Journal d'une pie (extrait)

Ma tutrice était repartie un peu triste de ces comportements.
Le lendemain de jeunes garçons nigauds avaient décidé de jouer aux boules de pétanques sur une plaque, cela faisait un bruit très désagréable dès que les boules roulaient sur cette plaque. Nous les pies, on ne dormait pas bien. Je les nommais les balourds.
Ils n'avaient même pas trouvé de terrain plat, pourtant il y en avait d'autres bien plus loin.
De ces deux groupes, ma tutrice pensait que l'un d'eux avait abandonné ce chaton.
Puis, elle décida de l'emmener le sauver, et le soigner.
Je pensais qu'elle m'avait oubliée, le soir même je la retrouvais, revenue du vétérinaire, avec tout un programme qu'elle s'est fixé.
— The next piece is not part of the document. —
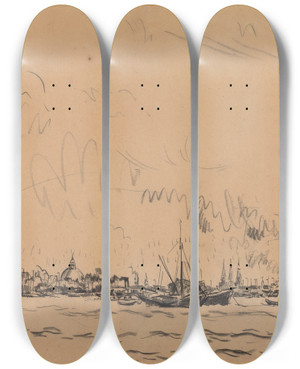 Triptych art skateboard deck of Rik Wouters The Port Of Amsterdam by Rik Wouters (1882-1916)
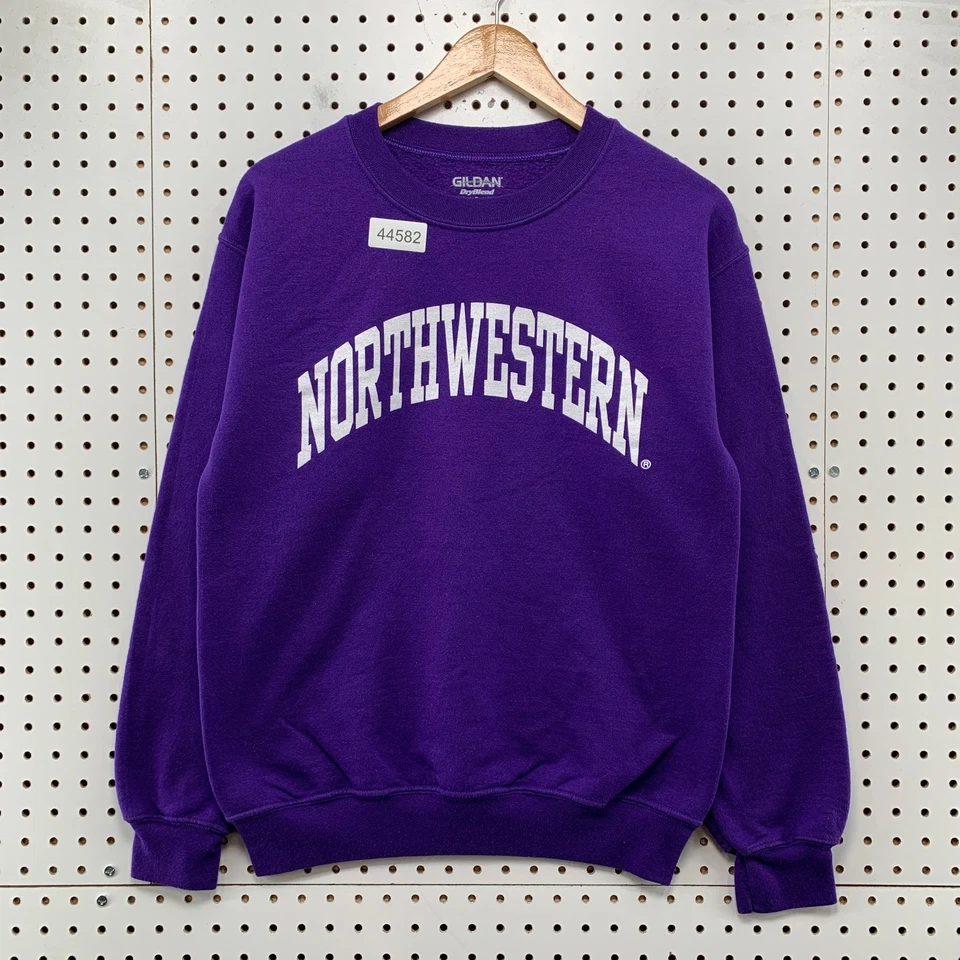 Sudadera Northwestern Para Hombres Pequeña Púrpura Cuello Redondo Polar NCAA Pullover Foto 1 de 4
Incroyable, elle resterait ma tutrice, son cœur était assez grand pour accueillir un autre abandonné, mais ici, l'enquête s'est poursuivie.
Ma tutrice étudie beaucoup, elle a trouvé des formes de pensées pour ce qui la questionnait, le harcèlement scolaire, plusieurs expériences de terrain, et avec nous les pies, son étude s'est étoffée.
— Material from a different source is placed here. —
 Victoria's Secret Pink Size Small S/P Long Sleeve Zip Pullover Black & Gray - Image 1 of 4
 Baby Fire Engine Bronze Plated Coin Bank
La découverte de ce chaton, qui n'est pas arrivé de lui-même, pose ici une notion nouvelle, la cruauté. Le sauvetage, dans quelles conditions ? L'accompagnement ? Garder, donner, confier, adopter... Aimer.
Abandonner un animal, aussi démuni, un chaton, celui-ci était déjà habitué aux êtres humains, mais il était dénutri et plein de parasites.
Comme moi, je me souviens, petite pie parmi les êtres humains, personne ne portait attention à mes brindilles de pattes, je ne savais pas voler, j'étais aussi truffée de parasites, qui me suçaient le sang.
Successivement, mais un mois plus tard, un nombre grandissant de personnes, très différentes, s’extasiaient devant mon attitude gracile, et adoraient me filmer, me regarder et penser que je les aimais, car j'allais vers eux, vers elles. Comme si, ces personnes étaient intéressantes, exceptionnelles, hors, je ne voyais que des chaussures à piquer, des têtes à picorer, des sacs à explorer, et tout un ensemble, sur lequel je pouvais déféquer, à l’improviste. Ces êtres humains se re-narcissisaient auprès de ma présence joueuse et si attachante, car j'étais sympathique avec eux, une magie, quelque chose d’angélique, et pour d’autres, de nuisibles. Mais, ces mêmes personnes ne portaient aucune attention à moi, lorsque je suis tombée, je ne savais pas voler, petite noiraude sur pattes, tel le Caliméro, "Il pulcino nero", pour reprendre un des cours de ma tutrice, enseignante, lorsque j’appelais à l'aide. Pourtant je criais de toutes mes forces, de toutes mes ailes, personne ne me voyait ni ne faisait attention à moi. De même, pour ce chaton ! Une fois que je suis devenue si particulière, charmante, attachante, virevoltante, espiègle, sachant parler aux humains, aux oiseaux, aux chats et aux chiens, et aux lapins, tout le monde s'est arraché ma vedette et souhaitait parader avec moi et montrer des photos à leurs amis, de moi, la pie, la plus étonnante, atypique, mignonne, avec eux, comme si c'était eux qui me découvraient. Ils n'étaient pas là lors de mon sauvetage. Nous avons découvert un compte "instagram" d'un homme chilien qui fait son intéressant avec moi, et ses amis du monde entier pensent que je suis son amoureuse, ils l'ont écrit, alors qu'il m'a filmé, en train de prendre mon bain, toute nue ! À mon insu. Je ne savais pas que le monde entier allait commenter mon bain ! Ils sont voyeurs ces êtres humains. Ma tutrice a beaucoup ri lorsqu'elle a découvert des mois plus tard ce compte. Arrivé l'automne, l'amoureux éconduit est passé à autre chose, un cœur d’artichaut sans doute ! Ses amis restent persuadés que je suis celle qui fut son amie et sa protégée, et bien non ! Ma tutrice est discrète comme un esprit sain.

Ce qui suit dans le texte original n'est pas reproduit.